Arguments and Analysis
[17]
As stated before, the Applicants challenged the Officer’s decision on various grounds before this Court. The finding on the establishment of the Applicants was defective to the point of making the decision unreasonable; the same is said of the assessment of the country conditions in Nigeria; as for the best interests of the children, the Applicants raise that the decision maker did not give sufficient weight to their establishment in Canada. Furthermore, it is not enough to state that one is alive, alert and attentive to the children’s interest. The “decision must show how the agent is being sensible [sic] to the children situation and how the agent is considering their best interest”

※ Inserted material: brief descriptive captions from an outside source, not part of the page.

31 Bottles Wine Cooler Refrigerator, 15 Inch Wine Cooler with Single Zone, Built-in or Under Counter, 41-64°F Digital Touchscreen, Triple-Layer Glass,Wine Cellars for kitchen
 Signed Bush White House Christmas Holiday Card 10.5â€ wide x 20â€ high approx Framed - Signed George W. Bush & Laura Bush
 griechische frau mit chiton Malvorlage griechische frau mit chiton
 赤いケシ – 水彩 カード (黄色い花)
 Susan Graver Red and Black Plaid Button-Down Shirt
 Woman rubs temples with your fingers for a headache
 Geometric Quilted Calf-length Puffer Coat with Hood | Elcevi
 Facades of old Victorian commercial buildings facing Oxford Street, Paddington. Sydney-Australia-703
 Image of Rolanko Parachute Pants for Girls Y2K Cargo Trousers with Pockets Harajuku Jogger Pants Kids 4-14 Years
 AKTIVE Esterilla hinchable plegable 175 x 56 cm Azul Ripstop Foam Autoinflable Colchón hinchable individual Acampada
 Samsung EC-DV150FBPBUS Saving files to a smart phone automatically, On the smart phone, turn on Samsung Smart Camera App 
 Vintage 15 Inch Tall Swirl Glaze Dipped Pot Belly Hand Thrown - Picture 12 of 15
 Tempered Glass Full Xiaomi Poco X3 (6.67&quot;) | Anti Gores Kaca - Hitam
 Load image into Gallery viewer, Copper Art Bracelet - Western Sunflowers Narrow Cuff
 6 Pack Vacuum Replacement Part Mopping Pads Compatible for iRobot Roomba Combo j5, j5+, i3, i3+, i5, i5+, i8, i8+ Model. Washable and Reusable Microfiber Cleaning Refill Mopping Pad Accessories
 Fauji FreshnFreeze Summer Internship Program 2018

(Applicants’ memorandum of fact and law, para 35).
[18]
At times, it appeared that the Applicants were in effect merely disagreeing with the assessment of the evidence made by the decision maker. The Supreme Court in Canada (Minister of Citizenship and Immigration) v Vavilov, 2019 SCC 65 [Vavilov] stated emphatically that “(i)t is trite law that the decision maker may assess and evaluate the evidence before it and that, absent exceptional circumstances, a reviewing court will not interfere with its factual findings. The reviewing court must refrain from “reweighing and reassessing the evidence considered by the decision maker””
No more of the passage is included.